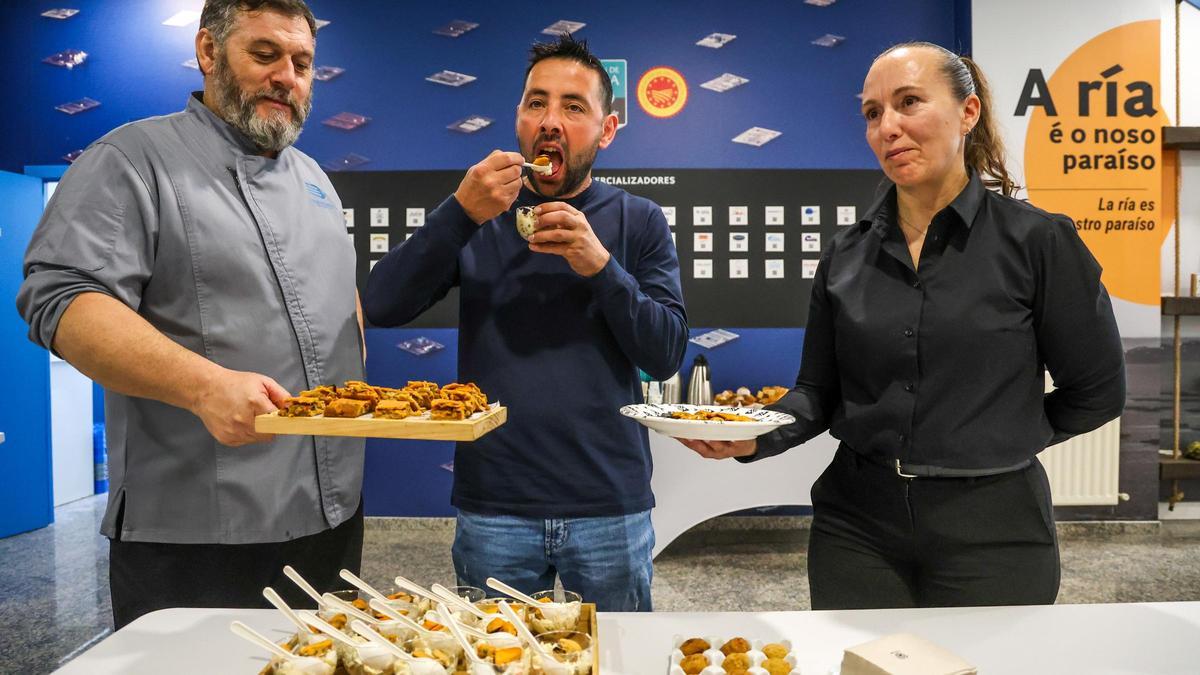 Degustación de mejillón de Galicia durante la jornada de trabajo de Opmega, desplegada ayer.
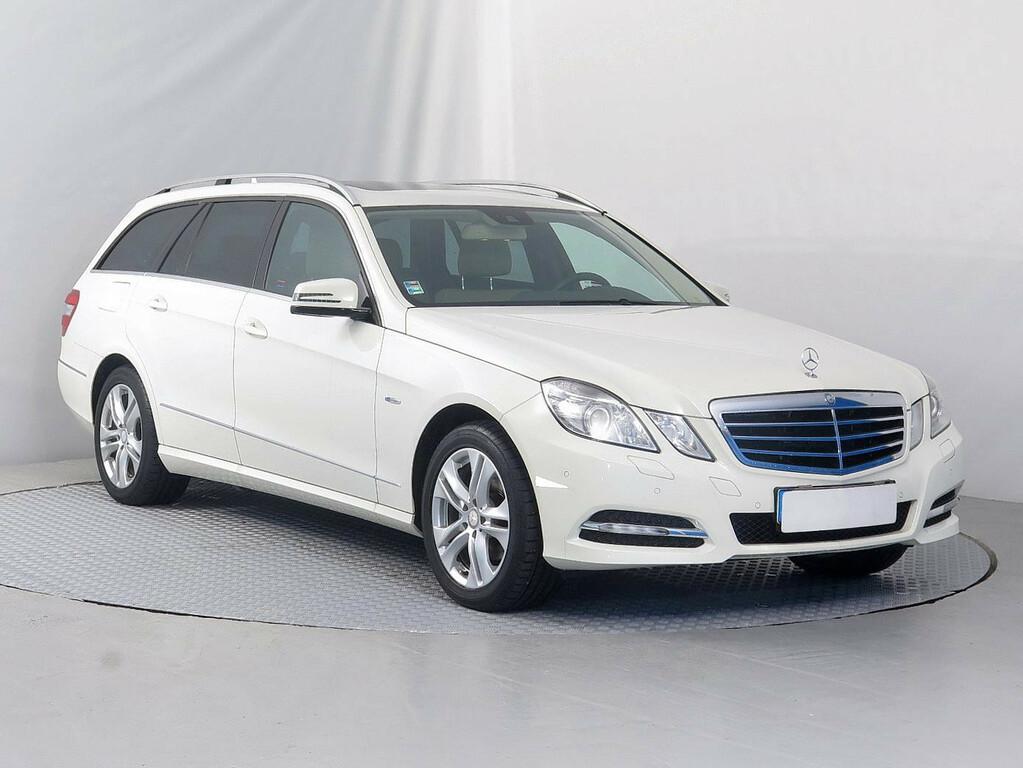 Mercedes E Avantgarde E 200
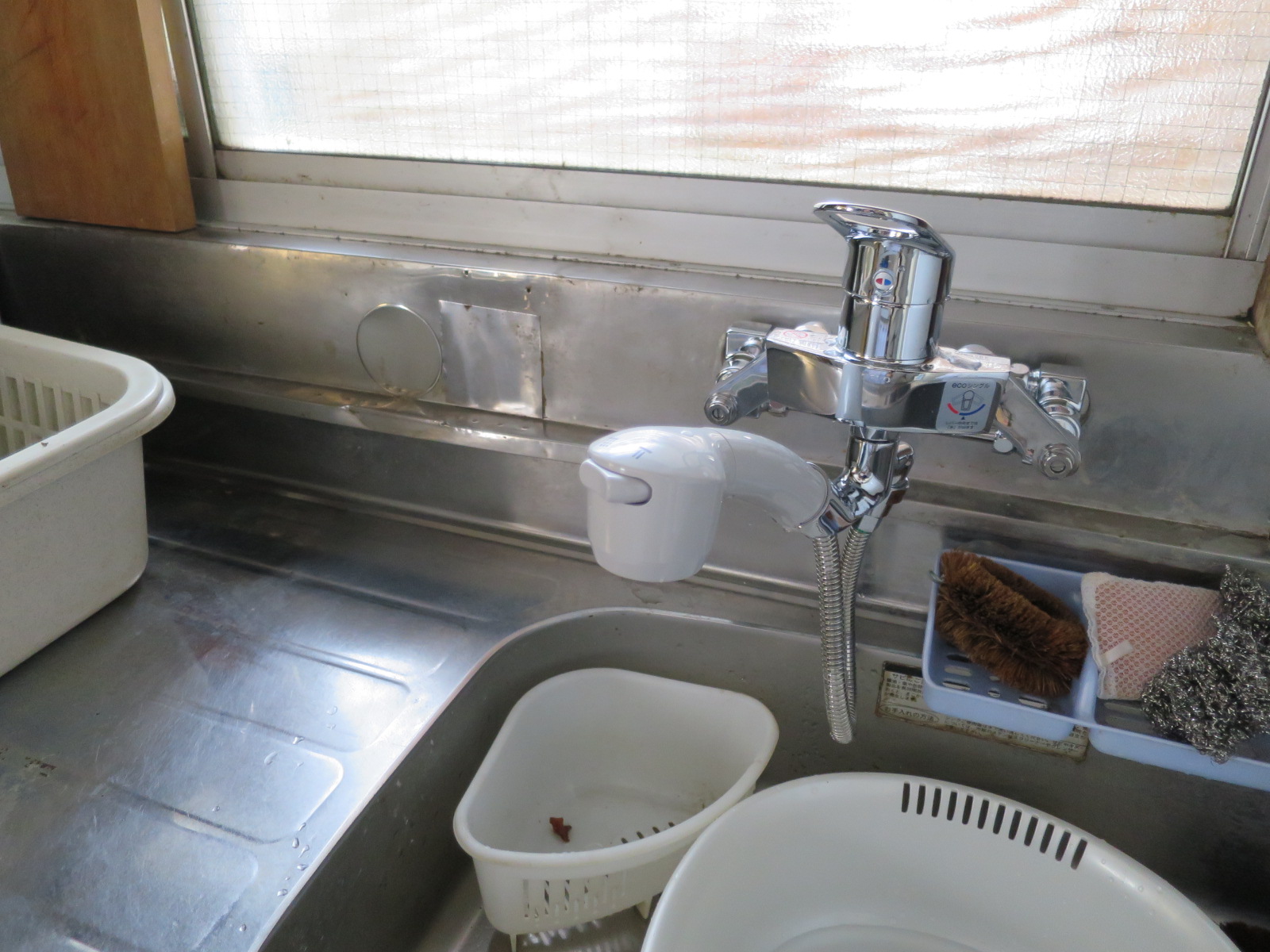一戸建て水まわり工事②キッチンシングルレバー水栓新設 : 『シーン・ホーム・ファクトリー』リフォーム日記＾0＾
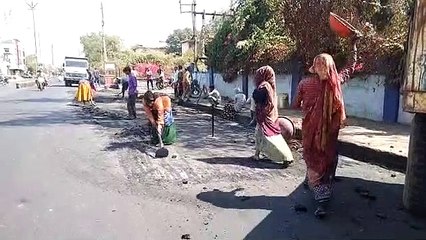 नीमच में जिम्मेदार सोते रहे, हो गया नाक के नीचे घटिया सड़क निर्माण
=======
> WORK REQUIRED: None of the pictures should appear; copy the rest of the material above exactly.

> RESULT BELOW:
 Degustación de mejillón de Galicia durante la jornada de trabajo de Opmega, desplegada ayer.
 Mercedes E Avantgarde E 200
一戸建て水まわり工事②キッチンシングルレバー水栓新設 : 『シーン・ホーム・ファクトリー』リフォーム日記＾0＾
 नीमच में जिम्मेदार सोते रहे, हो गया नाक के नीचे घटिया सड़क निर्माण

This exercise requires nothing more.